Dann: Musik, live gesungen von zwei „Young Singers“. Sie gehören zu jenen, die, so Hampson, „die Flamme weitertragen“ – und deren Berufsaussichten so düster sind wie nie. Marie Seidler etwa kann man nur das Beste wünschen.

Tolle Talente treten hier auf

Kraft, Wärme, Optimismus strahlt ihr Mezzo aus, mit dem die Bonnerin unter anderem „Der blinde Knabe“ (D 833), „An mein Herz“ (D 860) oder zwei Faust-Vertonungen singt, geschmeidig meistert sie im Passagio die Höhenwechsel.

Wolfram Rieger begleitet sie am Klavier und kitzelt die spezielle Schubertsche Dramatik dieser Stücke mit klarem und brillantem Anschlag noch zusätzlich heraus. Frederic Jost wiederum hat Lieder herausgesucht, die Schubert original für Bass geschrieben hat – teils auf Italienisch, teils als Mythenvertonung wie „Prometheus“ (D 674).

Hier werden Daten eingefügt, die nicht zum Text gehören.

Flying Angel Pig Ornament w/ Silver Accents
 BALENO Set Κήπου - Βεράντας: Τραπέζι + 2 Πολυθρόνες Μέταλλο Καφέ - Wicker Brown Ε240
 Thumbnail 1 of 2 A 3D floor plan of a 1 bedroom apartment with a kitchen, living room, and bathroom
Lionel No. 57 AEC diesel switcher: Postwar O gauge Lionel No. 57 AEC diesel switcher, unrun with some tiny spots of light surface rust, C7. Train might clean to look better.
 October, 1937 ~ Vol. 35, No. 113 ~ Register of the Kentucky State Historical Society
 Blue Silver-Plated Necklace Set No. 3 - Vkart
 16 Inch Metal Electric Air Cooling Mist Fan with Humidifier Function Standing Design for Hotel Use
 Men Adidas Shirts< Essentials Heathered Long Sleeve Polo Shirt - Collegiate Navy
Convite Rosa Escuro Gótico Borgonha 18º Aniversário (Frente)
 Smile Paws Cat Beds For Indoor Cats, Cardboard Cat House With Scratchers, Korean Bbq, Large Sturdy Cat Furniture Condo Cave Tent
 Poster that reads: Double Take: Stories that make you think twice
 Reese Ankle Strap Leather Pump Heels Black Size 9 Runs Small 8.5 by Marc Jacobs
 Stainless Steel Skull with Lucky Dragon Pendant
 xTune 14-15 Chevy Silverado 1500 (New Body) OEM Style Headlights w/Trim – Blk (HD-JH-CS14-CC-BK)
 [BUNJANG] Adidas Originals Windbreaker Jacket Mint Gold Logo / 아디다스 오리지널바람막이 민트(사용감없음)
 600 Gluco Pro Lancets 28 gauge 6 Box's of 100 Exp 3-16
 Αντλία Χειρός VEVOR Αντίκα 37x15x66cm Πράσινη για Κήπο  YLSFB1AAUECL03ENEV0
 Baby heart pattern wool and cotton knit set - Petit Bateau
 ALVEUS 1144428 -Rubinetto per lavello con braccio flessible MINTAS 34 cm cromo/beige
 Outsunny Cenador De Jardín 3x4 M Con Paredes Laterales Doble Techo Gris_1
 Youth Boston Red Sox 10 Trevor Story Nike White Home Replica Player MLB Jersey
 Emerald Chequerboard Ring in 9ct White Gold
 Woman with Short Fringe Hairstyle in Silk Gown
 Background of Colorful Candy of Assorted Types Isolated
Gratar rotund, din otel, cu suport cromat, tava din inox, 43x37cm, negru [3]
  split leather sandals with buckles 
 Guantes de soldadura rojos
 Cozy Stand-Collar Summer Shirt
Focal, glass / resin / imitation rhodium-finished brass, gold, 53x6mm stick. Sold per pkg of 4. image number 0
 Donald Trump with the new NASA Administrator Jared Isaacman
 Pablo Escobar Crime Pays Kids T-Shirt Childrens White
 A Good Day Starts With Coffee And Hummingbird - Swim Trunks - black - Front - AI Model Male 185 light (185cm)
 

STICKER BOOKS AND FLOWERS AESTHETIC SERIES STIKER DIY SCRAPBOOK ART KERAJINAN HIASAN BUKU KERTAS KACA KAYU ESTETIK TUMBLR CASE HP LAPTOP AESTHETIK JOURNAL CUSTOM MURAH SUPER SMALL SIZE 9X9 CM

Gestaltwandler ist auch Jost selbst, mit lebhafter, verschmitzter Mimik und hüpfenden Augenbrauen schwingt er sich auf in ätherische, jünglingshafte Höhen, steigt gleich danach herab in ehrfurchtgebietende, opernwuchtige Bass-Tiefen. Tolle Talente, die unverdient ohne Applaus den Saal verlassen müssen. Harte Zeiten.